Cissy's Lantern Festival outfit is what they called pajamas back in the 50s.  To me, it's a hostess outfit to wear for a dinner party, and this year Cissy will host her own Lantern Festival dinner party.  The outfit is entirely made up from Shantung silk.  I even followed the directions for using bias tape for the trimming of the sleeve and neck edges, as well as making the frog closures.  However, I made my own bias tape from the red silk.  I had to try this.  Personally, I think real bias tape would be too chunky and large to work with, but out of silk it went very smoothly, although it was definitely a lot of fiddly work.

There are many ways to make frog closures and someday I'd like to try them with Chinese knots, in miniature of course.

What I loved about this pattern were the side slits at the hems of the pants and jacket.  Making this pattern taught me how to do this correctly and what I'd have to do when drafting my own pattern for something similar.

The tediously little frog closures were made by "opening" the bias tape, ironing it flat, sewing the edge 1/8" and turning the doggone thing inside out by attaching a thread and needle at one end.  With silk it was a breeze.  Out of study normal bias tape, it would have been a nightmare.  My tape was 1" wide.  

You cut a 3" piece, make a knot in the center of four pieces then slip stitch the ends together in the center.  Same for the unknotted pieces, but you leave a hole for the knot on the other side to go through.  I hand-stitched these eight pieces on, but it wasn't specified how you should sew them on.

Just the back view.  The jacket even has pockets which I love.
For Cissy's hair, I made little Chinese clip-ons.  Ruby Red Galleria makes these for their doll outfits and I love them.  Mine are not as elaborate, but I did order a ton of these very tiny hair clips back when I was first sewing for Peggy Sue and used them for bow clips.

Cissy's hair clips have "cherry blossoms" on them and three graduating chains ending in tiny pearls.

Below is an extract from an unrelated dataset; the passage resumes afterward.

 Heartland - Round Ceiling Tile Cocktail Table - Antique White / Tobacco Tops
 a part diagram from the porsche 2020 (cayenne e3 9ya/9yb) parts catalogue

I made her a pair of red tassel earrings to go with the outfit since the tiny gold fortune cookie charms weren't going to arrive anytime soon. I loved this pattern and will most likely make a second one, maybe with full length pants in aqua and yellow silks.  We can make her the fortune cookie jewelry for that outfit.

Earlier I'd been looking for paper lantern crafts on Pinterest and found this image which led me to a website that had pdf files of tiger lanterns.  If you printed them out on A4 and in portrait, they'd be perfect for a doll.  I made one of the tiger ones (see final photo), but decided I was being lazy and I ought to get to work, so made up a cherry blossom lantern in the same manner.
Cissy's cherry blossom lantern was made from using the image of a paper or wallpaper, then folding and cutting the lantern shape as the tiger one was.  I added gold paper to the top and bottom and used it also for the handle.  For the dangling "charm", I found a Double Happiness image and glued it to a gold paper circle.  The charms are the same image back and front.  

So, the theme of Cissy's cherry blossom hair clips are continued with the lantern. I've enjoyed celebrating Chinese New Year with my dolls, and now Valentine's Day is coming up.  Rachel of the Virtual Doll Convention offered a Club Grace outfit for Valentine's Day that was pink with white polka-dots.  I might make Dolly Dingle a dress to go with it, but I'm not sure.  I do need to get both dolls out of their Christmas wear.  And the color theme would last through Easter if you think about it.  Decisions, decisions.  I have a big project I want to begin, so maybe I should do that first.

I hope you've enjoyed learning a little about Chinese New Year and some of the traditions.  I love that the Lantern Festival falls on the full moon.  I'm a moon watcher and this make it all the more special this year.  I 've attached some beautiful photos of Lantern Festival in China, and one of the "soup" with the sweet rice balls.  No, they are not eggs.  This is must have treat and the roundness of the balls symbolizes wholeness and completeness.  The sweet taste symbolizes a sweet and happy life.  How fun to eat special foods that are symbolic!

Wishing you all a happy Valentine's Day.  Is it any wonder that I also collect vintage Chinese Valentines, ephemera and New Year's cards?  Some are simply gorgeous!  Always inspirational.